• [Exercise requirements] An exact transcript is required of the lines below, from the one containing "Colchón de camping" through the very last; leave every picture out of it.

• [Given information]

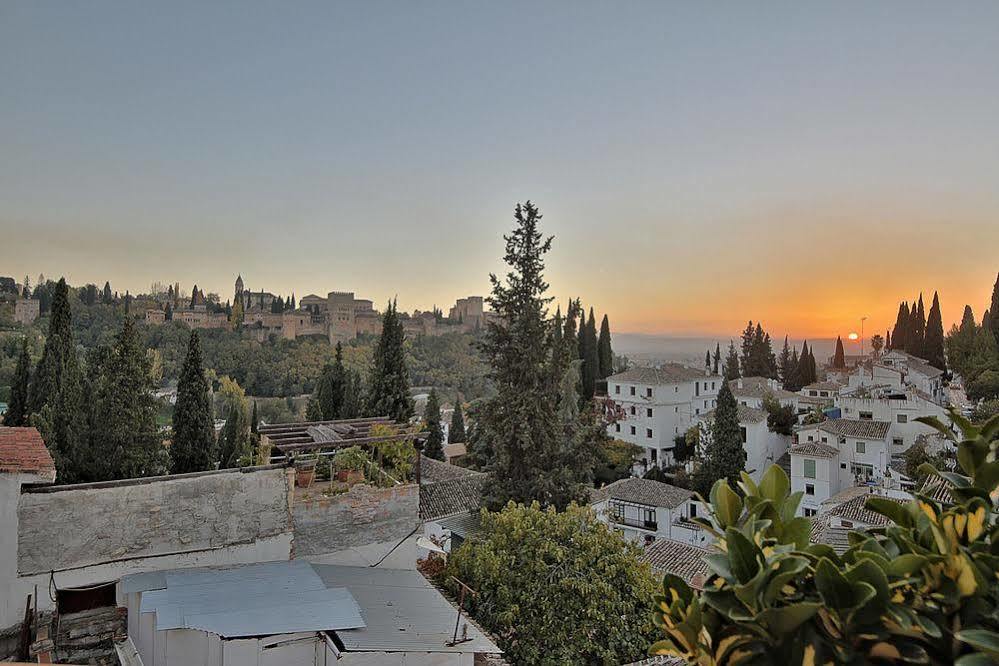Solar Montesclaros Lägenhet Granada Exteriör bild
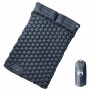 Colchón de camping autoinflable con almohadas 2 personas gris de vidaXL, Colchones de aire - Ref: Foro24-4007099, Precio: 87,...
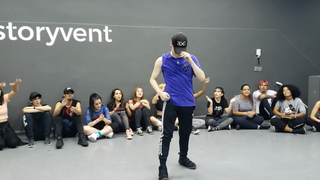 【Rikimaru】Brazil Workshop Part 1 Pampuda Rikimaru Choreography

• [Answer section]
 Colchón de camping autoinflable con almohadas 2 personas gris de vidaXL, Colchones de aire - Ref: Foro24-4007099, Precio: 87,...
 【Rikimaru】Brazil Workshop Part 1 Pampuda Rikimaru Choreography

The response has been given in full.